# Your assignment:
All of the listing should be returned as written, apart from any picture in it.

# Data:
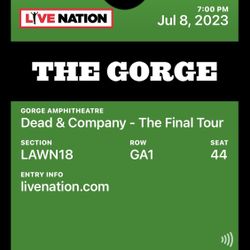1 Ticket To The Dead  @ The Gorge Sat July 8th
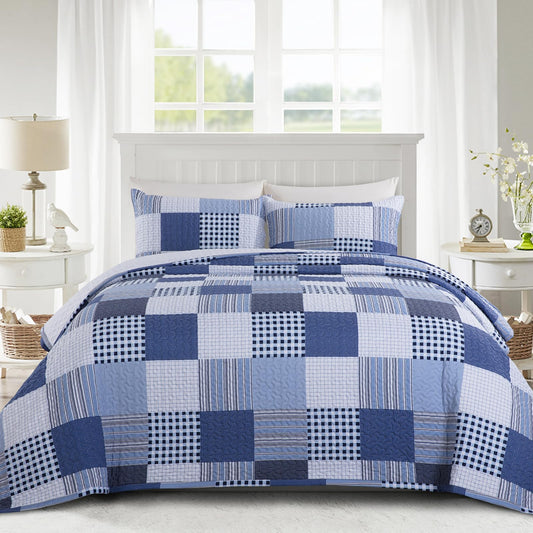 128x120 Oversized King Plaid Patchwork Bedspread, Lightweight Checkered Quilted Bedspread Coverlet Set, All Season Home Bedding Decor with 2 Pillow Shams, Blue Grey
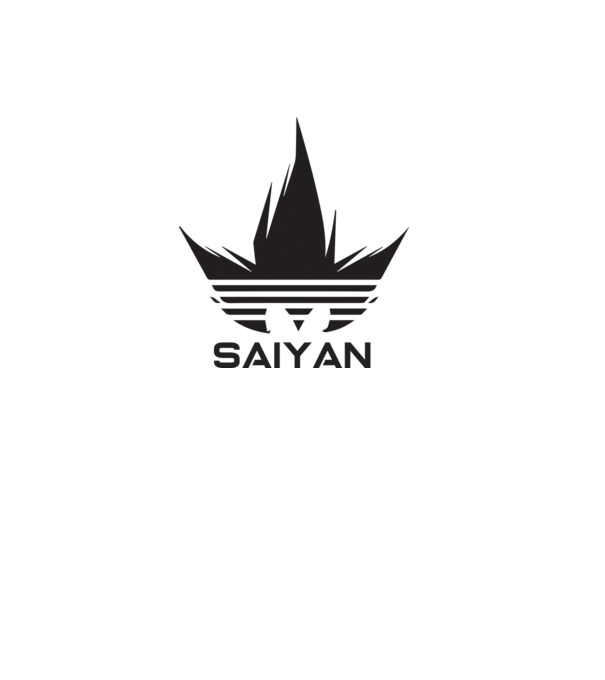 saiyan logo model alb pe tricou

# Solution:
1 Ticket To The Dead  @ The Gorge Sat July 8th
 128x120 Oversized King Plaid Patchwork Bedspread, Lightweight Checkered Quilted Bedspread Coverlet Set, All Season Home Bedding Decor with 2 Pillow Shams, Blue Grey
 saiyan logo model alb pe tricou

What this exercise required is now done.